Knudson looks for opportunities to offer the horse a reward in exchange for effort, earning respect in the process.

Bob Knudson

Bob Knudson

“If you spur a horse hard, that’s punishment. I don’t like to do that unless a horse just flat ignores me. It goes back to the preparatory command. I like to press, and I push harder if I need to, until I get some respect,” he explains.

If a horse ignores his cues, Knudson makes it a point not to pick at that horse, but uses the amount of pressure needed in order to generate a response.

“I don’t just poke at him and irritate him. I can push one from the ground with a spur in my hand; I’ve never had to get after one on the ground. I use a spur with no sharp edges. I’ll pull that colt’s nose to me a little bit and push about where the cinch is. If the colt gets away from it a little bit, I’ll release it as a reward. I’m looking for a young horse to find that the comfort zone so he starts looking for that comfort zone where the pressure comes off.”

Knudson emphasizes that horses develop an understanding of pressure and release gradually.

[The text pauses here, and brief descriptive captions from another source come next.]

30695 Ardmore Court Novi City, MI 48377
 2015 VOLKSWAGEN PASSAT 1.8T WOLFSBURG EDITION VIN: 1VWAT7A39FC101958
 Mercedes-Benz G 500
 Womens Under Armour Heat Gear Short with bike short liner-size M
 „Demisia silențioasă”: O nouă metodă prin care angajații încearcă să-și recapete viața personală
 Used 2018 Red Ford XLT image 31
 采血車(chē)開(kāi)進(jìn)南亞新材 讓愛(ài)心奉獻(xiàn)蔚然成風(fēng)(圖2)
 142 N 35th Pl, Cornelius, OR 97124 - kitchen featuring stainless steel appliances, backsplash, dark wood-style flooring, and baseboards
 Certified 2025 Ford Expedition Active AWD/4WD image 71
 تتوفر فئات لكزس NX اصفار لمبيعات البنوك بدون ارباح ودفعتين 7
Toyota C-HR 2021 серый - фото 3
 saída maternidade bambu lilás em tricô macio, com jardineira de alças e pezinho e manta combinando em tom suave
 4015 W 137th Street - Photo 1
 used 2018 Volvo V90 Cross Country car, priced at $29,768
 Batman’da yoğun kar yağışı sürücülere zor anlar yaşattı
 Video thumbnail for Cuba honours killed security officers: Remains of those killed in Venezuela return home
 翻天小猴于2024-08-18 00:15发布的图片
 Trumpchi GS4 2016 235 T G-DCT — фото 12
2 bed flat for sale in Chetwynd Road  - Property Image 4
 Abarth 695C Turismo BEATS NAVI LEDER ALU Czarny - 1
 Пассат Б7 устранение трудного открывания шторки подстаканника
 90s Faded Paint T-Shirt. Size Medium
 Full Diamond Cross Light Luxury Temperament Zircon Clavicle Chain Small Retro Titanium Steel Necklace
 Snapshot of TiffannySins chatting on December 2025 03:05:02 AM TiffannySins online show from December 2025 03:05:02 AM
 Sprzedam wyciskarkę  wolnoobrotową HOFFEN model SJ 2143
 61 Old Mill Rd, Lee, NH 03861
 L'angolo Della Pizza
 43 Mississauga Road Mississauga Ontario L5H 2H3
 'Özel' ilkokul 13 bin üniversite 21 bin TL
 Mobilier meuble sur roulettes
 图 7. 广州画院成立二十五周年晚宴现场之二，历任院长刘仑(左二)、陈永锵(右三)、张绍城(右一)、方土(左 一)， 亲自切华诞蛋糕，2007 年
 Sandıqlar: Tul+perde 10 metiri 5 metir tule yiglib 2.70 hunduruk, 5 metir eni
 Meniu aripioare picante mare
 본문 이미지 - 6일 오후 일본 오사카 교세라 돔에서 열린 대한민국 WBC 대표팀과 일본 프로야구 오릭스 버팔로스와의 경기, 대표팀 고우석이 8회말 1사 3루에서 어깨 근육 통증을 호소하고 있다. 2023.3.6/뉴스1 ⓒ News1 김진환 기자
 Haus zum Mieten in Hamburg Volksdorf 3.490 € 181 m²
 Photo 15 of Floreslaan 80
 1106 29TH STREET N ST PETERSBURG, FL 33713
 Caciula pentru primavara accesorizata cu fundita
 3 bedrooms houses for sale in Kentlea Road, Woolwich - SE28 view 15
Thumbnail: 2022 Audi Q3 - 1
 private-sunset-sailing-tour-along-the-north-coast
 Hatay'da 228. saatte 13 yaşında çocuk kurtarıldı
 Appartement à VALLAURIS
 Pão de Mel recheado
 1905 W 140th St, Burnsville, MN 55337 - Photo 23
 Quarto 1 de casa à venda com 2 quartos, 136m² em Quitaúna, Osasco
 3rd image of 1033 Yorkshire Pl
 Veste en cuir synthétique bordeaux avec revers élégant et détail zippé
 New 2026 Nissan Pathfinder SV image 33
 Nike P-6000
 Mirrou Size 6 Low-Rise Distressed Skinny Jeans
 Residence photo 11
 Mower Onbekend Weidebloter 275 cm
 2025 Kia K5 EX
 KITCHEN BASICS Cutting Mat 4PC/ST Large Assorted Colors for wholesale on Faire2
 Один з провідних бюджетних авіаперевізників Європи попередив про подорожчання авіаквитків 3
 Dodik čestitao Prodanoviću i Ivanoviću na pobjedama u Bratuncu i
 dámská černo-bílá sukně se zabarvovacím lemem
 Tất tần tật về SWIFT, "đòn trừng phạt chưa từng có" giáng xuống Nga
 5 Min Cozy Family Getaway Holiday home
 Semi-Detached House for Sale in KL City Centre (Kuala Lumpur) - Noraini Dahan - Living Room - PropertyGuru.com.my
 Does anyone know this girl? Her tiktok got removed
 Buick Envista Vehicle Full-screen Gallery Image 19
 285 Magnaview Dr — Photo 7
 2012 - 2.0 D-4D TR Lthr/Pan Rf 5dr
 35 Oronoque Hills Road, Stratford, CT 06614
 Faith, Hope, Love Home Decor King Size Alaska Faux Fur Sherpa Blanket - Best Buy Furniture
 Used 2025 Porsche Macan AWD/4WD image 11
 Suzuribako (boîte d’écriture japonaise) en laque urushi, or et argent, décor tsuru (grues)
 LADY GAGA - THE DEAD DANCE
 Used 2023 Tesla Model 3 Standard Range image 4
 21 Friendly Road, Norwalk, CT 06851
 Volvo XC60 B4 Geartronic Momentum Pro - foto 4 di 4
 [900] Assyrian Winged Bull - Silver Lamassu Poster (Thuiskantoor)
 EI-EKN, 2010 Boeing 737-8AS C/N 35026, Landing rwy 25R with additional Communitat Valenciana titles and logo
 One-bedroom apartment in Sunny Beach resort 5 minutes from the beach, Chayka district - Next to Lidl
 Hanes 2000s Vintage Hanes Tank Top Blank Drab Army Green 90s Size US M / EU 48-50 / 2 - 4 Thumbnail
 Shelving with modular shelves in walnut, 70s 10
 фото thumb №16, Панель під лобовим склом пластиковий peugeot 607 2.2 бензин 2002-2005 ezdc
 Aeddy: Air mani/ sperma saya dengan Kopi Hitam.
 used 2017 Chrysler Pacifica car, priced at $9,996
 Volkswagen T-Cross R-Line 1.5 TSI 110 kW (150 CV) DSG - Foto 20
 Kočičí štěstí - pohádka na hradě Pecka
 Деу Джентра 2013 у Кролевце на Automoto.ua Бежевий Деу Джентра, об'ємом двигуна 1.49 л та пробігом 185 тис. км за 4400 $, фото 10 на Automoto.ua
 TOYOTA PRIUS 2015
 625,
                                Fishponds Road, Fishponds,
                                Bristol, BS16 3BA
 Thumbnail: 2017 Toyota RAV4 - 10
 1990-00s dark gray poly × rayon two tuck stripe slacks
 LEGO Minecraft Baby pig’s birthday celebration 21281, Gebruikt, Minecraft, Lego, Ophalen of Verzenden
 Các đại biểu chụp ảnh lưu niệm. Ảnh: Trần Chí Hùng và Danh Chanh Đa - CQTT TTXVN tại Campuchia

“I don’t ask for any of it all at once. A little step here, and a little more in a day or two until I can just press that spur lightly. Then I go ask for a little more, but keep it real easy for a while. When they give, I release that pressure instantly, and everything gets comfortable. I can pull that horse’s head towards me and the shoulder away, and the ribcage is out of the way so he can turn a lot easier.”